During the last second of its flight, a ball thrown vertically upwards covers one half of the distance covered during the whole flight. The point of the project and the point of landing may or may not be in the same horizontal level.

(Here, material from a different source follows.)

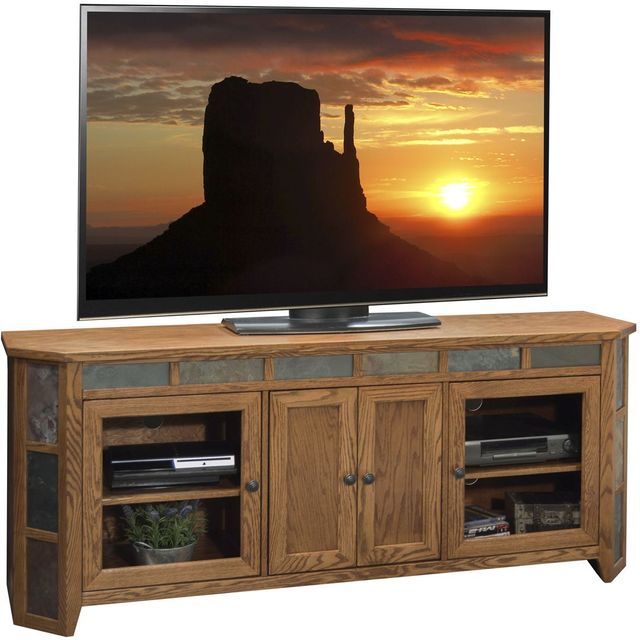 Legends Furniture, Inc. Oak Creek 72" Angled TV Console-0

What maximum possible duration of the flight can be obtained? neglect air resistance and assume acceleration of free fall to $10m/{{s}^{2}}$

Answer 1

Solution

The solution to this problem is obtained by utilizing equation of motion and also by the speed and direction relationship .Maximum speed of flight depends upon the distance covered by the ball and also the time taken by the ball to cover the distance air resistance is a force caused by air is neglected here

Complete answer:
Maximum time of flight is possible when the distance covered by the ball in the last one second is maximum.
Let us consider the duration of the flight be $T$
The distance travelled by the ball after $t$ second be ${{s}_{t}}$
Initial speed of the ball is $u$
So we are given
${{s}_{T}}-{{s}_{T-1}}=\dfrac{{{s}_{T}}}{2}$
${{s}_{T}}=2\times {{s}_{T-1}}$ $\cdots \cdots (1)$
Equation of motion is given as follows
$s=ut+\dfrac{1}{2}a{{t}^{2}}$
${{v}^{2}}={{u}^{2}}+2as$
Maximum height(h) is reached by the ball when $v=0$
$0={{u}^{2}}-2gh$
$h=\dfrac{{{u}^{2}}}{2g}$
The time taken to reach height h is $t=\dfrac{u}{g}$
${{s}_{T}}=h+\dfrac{1}{2}g{{(T-t)}^{2}}$
${{s}_{T-1}}=h+\dfrac{1}{2}g{{(T-t-1)}^{2}}$
Substitute ${{s}_{T}}$ and ${{s}_{T-1}}$ in equation $(1)$
$h+\dfrac{1}{2}g{{(T-t)}^{2}}=2\times (h+\dfrac{1}{2}g{{(T-t-1)}^{2}})$
$\dfrac{{{u}^{2}}}{2g}+\dfrac{1}{2}g{{(T-t)}^{2}}=2\times (\dfrac{{{u}^{2}}}{2g}+\dfrac{1}{2}g{{(T-t-1)}^{2}})$
${{T}^{2}}-(4+2t)T+(4t+2+{{t}^{2}})=0$
Obtaining the solution of $T$ in terms of $t$
$T=\dfrac{4+2t+\sqrt{8-4{{t}^{2}}}}{2}$ $\cdots \cdots (2)$
In order to maximize $T$ neglect square root term
Differentiate $T$ with respect to $t$
$\dfrac{dT}{dt}=0$
$2-\dfrac{4t}{\sqrt{8-4{{t}^{2}}}}=0$
$32-16{{t}^{2}}=16{{t}^{2}}$
We get the value of $t=1$
Substituting this values in equation $(2)$
$T(t=1)=\dfrac{4+2+\sqrt{8-4}}{2}$
$=4\sec$
The maximum possible duration of the flight is $4\sec$

Note:
Students the time of flight is just the double of the maximum height time the maximum time of flight is also determined solely by the initial velocity in the y direction and the acceleration due to gravity. The point of the project and the point of landing may or may not be in the same horizontal level.